### Exercise directions
From the data below, copy exactly the lines that lie between the one holding "Napkin or Note" and the one holding "Men's Korean Style", including both, and nothing more.

Segment Start: Supplied records

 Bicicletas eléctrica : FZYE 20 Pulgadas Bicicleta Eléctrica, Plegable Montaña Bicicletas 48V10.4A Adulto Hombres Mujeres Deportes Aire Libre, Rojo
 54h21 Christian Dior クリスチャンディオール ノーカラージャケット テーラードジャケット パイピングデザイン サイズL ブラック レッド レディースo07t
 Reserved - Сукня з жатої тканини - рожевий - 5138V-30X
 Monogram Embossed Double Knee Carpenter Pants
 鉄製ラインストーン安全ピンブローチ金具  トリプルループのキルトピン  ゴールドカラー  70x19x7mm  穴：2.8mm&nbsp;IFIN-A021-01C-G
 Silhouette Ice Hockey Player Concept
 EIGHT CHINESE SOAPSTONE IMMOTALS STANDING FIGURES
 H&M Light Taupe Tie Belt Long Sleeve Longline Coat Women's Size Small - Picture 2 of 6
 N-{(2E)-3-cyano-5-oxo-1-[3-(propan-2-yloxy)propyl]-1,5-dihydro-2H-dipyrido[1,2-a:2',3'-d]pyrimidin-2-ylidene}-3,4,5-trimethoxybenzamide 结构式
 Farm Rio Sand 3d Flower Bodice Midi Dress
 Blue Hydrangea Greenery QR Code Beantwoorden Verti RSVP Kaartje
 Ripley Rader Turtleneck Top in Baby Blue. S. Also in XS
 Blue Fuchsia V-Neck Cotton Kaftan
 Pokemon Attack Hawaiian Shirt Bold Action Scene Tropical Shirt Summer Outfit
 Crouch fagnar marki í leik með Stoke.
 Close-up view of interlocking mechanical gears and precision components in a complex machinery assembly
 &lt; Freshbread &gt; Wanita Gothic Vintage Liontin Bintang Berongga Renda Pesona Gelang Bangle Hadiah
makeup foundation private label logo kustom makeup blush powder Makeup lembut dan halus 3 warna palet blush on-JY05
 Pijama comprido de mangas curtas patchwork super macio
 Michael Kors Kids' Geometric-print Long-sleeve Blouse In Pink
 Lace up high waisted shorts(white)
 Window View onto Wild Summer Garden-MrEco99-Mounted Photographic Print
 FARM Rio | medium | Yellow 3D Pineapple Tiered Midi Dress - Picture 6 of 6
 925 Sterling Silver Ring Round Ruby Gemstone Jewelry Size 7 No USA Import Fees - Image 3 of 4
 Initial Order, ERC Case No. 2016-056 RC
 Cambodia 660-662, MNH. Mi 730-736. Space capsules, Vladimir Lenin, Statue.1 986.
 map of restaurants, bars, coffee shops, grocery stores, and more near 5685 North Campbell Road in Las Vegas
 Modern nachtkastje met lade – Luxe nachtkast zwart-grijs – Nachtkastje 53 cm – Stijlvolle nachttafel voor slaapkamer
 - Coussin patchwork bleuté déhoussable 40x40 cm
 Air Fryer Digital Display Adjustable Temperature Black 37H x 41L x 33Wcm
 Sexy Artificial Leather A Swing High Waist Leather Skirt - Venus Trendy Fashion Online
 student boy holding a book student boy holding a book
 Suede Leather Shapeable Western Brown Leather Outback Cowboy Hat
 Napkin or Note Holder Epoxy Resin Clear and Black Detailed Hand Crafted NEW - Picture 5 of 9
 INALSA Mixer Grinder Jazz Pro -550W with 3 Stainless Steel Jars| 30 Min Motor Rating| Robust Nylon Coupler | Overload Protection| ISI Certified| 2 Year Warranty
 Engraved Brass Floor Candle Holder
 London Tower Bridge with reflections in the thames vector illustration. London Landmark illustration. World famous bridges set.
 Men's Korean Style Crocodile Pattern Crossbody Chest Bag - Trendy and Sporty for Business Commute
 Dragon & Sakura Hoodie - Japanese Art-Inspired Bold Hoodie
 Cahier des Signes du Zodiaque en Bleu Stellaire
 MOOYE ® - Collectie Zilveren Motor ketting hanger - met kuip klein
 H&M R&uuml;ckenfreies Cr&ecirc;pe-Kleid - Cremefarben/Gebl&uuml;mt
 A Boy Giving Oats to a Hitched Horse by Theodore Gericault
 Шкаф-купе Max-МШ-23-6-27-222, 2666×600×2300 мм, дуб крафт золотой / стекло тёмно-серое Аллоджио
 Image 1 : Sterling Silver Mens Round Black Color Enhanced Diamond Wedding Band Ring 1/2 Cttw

Segment End: Supplied records

### The completed task
 Napkin or Note Holder Epoxy Resin Clear and Black Detailed Hand Crafted NEW - Picture 5 of 9
 INALSA Mixer Grinder Jazz Pro -550W with 3 Stainless Steel Jars| 30 Min Motor Rating| Robust Nylon Coupler | Overload Protection| ISI Certified| 2 Year Warranty
 Engraved Brass Floor Candle Holder
 London Tower Bridge with reflections in the thames vector illustration. London Landmark illustration. World famous bridges set.
 Men's Korean Style Crocodile Pattern Crossbody Chest Bag - Trendy and Sporty for Business Commute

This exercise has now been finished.